Opinião

Salvador ganha seu primeiro planetário

Confira o que você encontra e o que pode fazer no planetário

Foto: UFBa
Primeiro planetário de Salvador

“Olha pro céu, meu amor / Vê como ele está lindo”, são os primeiros versos de um clássico referente a um inigualável gênero musical brasileiro denominada baião. Trata-se de um primor de canção da pena de Luiz Gonzaga do Nascimento (1912 - 1989), cantor e compositor brasileiro, e José Fernandes, que o Escritório Central de Arrecadação e Distribuição (ECAD) atribui a José Fernandes de Carvalho (1925 - 1979) compositor e maestro de talento. Lançada em 1951, este hino junino trata de duas paixões: a de um amor do passado, tão belo quanto o firmamento estrelado numa noite de inverno, emoldurada por um balão a subir os céus.

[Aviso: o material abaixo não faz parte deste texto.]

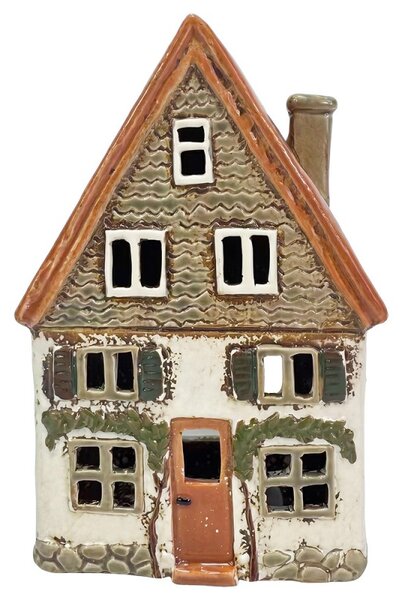 Keramický svícen Domek s rostlinami 20 cm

A nostalgia da cantiga trata de uma lembrança amorosa pautada pelo ritmo compassado da zabumba, da sanfona e do triângulo que, ao tilintar, mimetiza o brilho das estrelas. Tal canção toca ao músico e ao poeta de modo similar ao que ocorre no coração de um cientista.

A observação cuidadosa dos céus é uma ciência das mais antigas e intrigantes, primeiramente feita a olho nu, e com o passar dos séculos, com instrumentos cada vez mais potentes a destrinchar os detalhes do universo, como telescópios e outros intrigantes instrumentos cada vez mais precisos. Astrônomos(as) em todo o mundo perdem boa parte de suas noites (e também dias) a observar os astros, tais como galáxias, constelações quasares, nebulosas, sóis, luas e mesmo planetas candidatos a habitar vidas extraterrestres.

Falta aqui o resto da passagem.